Below are the records; how many of their lines contain "Slim"? Reply only with that figure.

**SOURCE MATERIAL**
· · · · · · ·
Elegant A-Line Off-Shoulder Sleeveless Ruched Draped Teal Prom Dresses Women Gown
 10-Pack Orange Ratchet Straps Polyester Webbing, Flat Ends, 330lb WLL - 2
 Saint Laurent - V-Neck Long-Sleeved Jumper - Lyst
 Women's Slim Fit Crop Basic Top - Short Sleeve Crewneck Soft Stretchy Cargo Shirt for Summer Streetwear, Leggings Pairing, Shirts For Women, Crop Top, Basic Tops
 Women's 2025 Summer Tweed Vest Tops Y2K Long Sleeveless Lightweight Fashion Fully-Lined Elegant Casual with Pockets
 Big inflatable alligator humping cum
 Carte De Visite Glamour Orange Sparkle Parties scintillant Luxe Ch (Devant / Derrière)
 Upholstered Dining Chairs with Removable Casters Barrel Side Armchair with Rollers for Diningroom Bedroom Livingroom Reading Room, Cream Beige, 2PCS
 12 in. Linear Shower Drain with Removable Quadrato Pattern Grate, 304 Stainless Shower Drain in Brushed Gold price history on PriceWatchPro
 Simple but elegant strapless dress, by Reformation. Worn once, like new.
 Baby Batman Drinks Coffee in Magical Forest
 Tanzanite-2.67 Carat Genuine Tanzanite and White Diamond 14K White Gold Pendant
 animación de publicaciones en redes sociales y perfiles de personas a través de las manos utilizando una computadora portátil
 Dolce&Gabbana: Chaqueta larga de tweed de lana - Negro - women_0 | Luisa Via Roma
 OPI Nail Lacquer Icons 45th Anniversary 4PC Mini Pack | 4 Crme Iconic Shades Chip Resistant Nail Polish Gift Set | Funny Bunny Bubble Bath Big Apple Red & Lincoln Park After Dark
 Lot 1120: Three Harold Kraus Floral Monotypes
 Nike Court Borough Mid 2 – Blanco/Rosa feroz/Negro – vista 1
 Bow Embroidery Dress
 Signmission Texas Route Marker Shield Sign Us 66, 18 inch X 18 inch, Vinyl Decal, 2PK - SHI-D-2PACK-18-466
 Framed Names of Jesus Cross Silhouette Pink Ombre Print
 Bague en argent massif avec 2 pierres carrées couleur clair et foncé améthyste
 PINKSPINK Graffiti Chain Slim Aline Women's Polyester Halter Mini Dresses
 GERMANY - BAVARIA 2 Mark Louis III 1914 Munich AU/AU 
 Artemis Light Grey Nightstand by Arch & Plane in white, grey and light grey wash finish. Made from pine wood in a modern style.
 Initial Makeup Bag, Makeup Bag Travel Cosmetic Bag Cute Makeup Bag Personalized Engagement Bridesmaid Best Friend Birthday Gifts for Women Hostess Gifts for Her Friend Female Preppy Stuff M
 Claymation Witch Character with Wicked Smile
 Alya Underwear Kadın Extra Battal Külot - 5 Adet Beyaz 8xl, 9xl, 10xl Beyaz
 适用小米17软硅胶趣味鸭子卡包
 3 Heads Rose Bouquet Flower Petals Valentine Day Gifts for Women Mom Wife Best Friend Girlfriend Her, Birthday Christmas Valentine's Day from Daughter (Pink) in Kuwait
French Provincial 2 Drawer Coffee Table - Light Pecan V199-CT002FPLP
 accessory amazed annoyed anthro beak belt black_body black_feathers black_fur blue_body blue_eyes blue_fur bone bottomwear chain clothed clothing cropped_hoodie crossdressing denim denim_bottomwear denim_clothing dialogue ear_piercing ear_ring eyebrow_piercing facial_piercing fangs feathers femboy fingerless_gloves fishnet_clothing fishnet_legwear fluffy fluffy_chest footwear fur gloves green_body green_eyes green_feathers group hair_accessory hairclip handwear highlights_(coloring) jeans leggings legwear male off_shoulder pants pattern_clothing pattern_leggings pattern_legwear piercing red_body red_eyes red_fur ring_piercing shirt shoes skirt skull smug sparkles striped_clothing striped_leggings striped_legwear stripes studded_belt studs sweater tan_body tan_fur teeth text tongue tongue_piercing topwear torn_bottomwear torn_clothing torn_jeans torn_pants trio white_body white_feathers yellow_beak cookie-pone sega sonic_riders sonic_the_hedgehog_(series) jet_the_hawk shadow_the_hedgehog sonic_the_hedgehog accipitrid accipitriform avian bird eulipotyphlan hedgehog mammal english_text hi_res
· · · · · · ·
**SOLUTION TO THIS PROBLEM**
2